Back-translation is particularly important. A reverse translation model generates synthetic source sentences from target-language monolingual data, increasing training data size.

### Translation with Large Language Models

Large language models can perform translation without task-specific fine-tuning.

For example:

```text id="x04d40"
Translate to German:
The weather is beautiful today.
```

The model generates:

```text id="76zv2r"
Das Wetter ist heute schön.
```

Instruction tuning and multilingual pretraining allow general-purpose models to perform translation as one capability among many.

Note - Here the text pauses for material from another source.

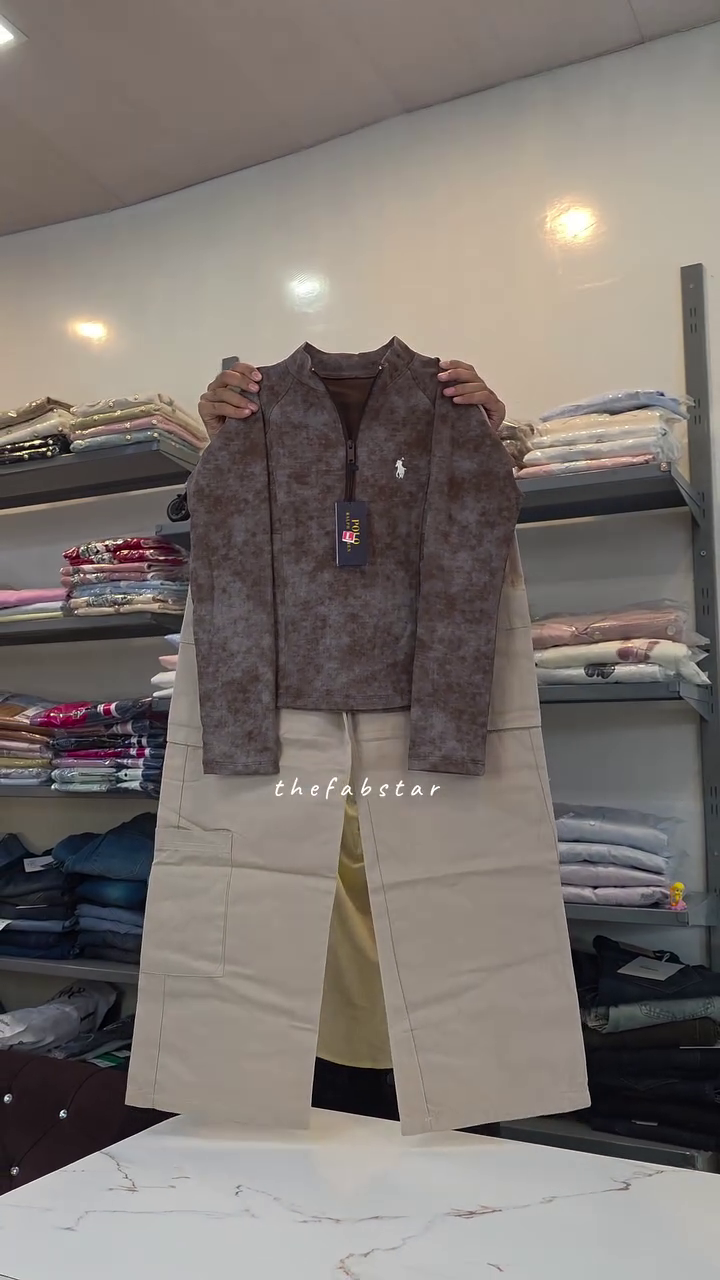 Brown Quarter-Zip Pullover Sweatshirt Paired With Beige Cargo Trousers 🤎👕👖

However, specialized translation systems may still outperform general LLMs on domain accuracy, terminology consistency, and latency.

### Summary

Machine translation maps source sequences to target sequences. Modern systems are usually transformer-based sequence-to-sequence models with encoder-decoder architectures and attention mechanisms.

Tokenization converts text into subword units. The encoder computes contextual source representations. The decoder autoregressively predicts target tokens while attending to the source sequence.

Training usually uses teacher forcing and cross-entropy loss. Inference uses greedy decoding or beam search. Evaluation relies on metrics such as BLEU and learned semantic scoring systems. Multilingual and large language models extend translation to many languages and tasks within a unified architecture.